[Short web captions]
--*--

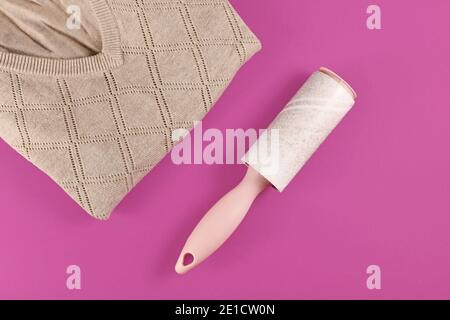 Used fluff roller next to folded sweater on dark pink background Stock Photo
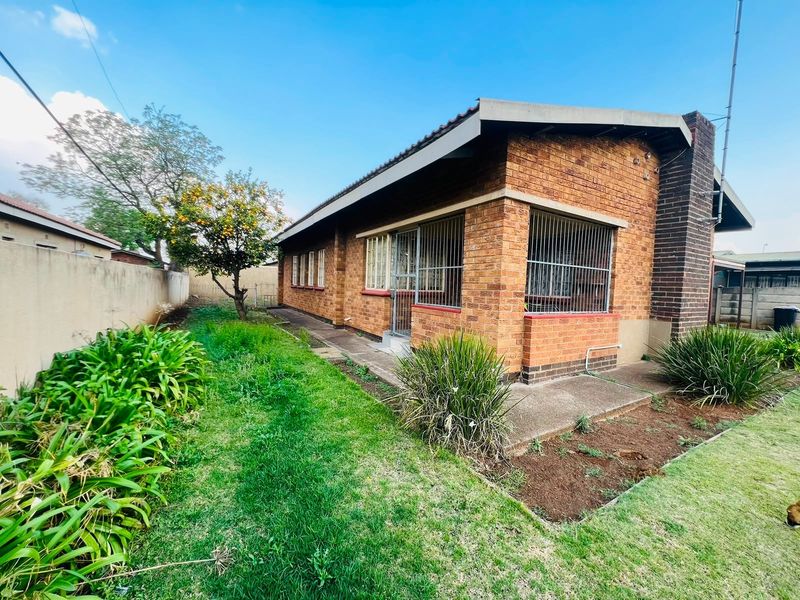 Rear view of a face brick house featuring a concrete apron, security bars on windows, and a private garden area.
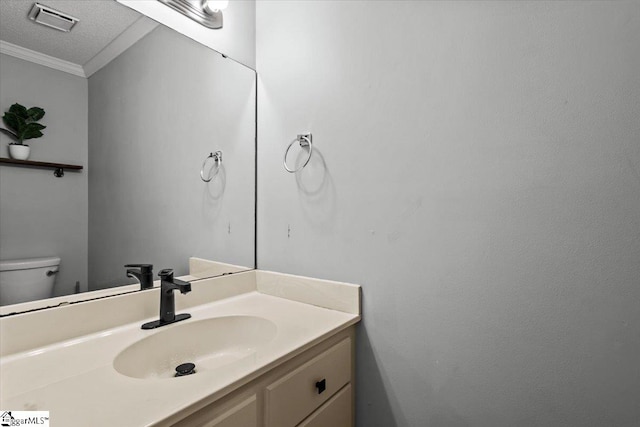 bathroom with vanity, toilet, crown molding, and a textured ceiling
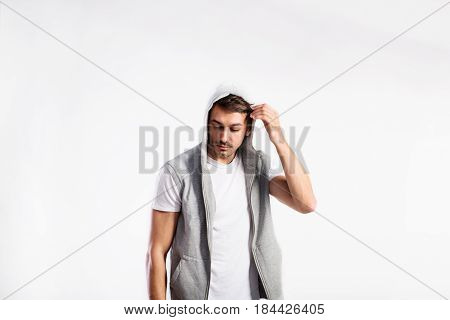 Handsome hipster fitness man in white t-hirt and gray vest with hood. Studio shot on gray background.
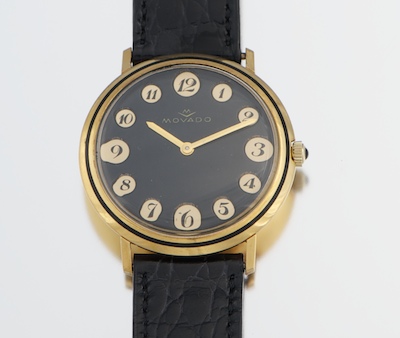 A Gentleman's Movado 18k Gold Watch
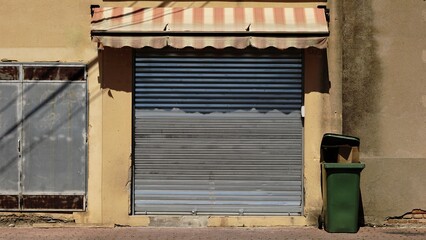 closed trade shutter with awning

--*--

> _PROMPT_:
Would you copy out every entry above word for word, without the pictures?

> _RESPONSE BELOW_:
 Used fluff roller next to folded sweater on dark pink background Stock Photo
 Rear view of a face brick house featuring a concrete apron, security bars on windows, and a private garden area.
 bathroom with vanity, toilet, crown molding, and a textured ceiling
 Handsome hipster fitness man in white t-hirt and gray vest with hood. Studio shot on gray background.
 A Gentleman's Movado 18k Gold Watch
 closed trade shutter with awning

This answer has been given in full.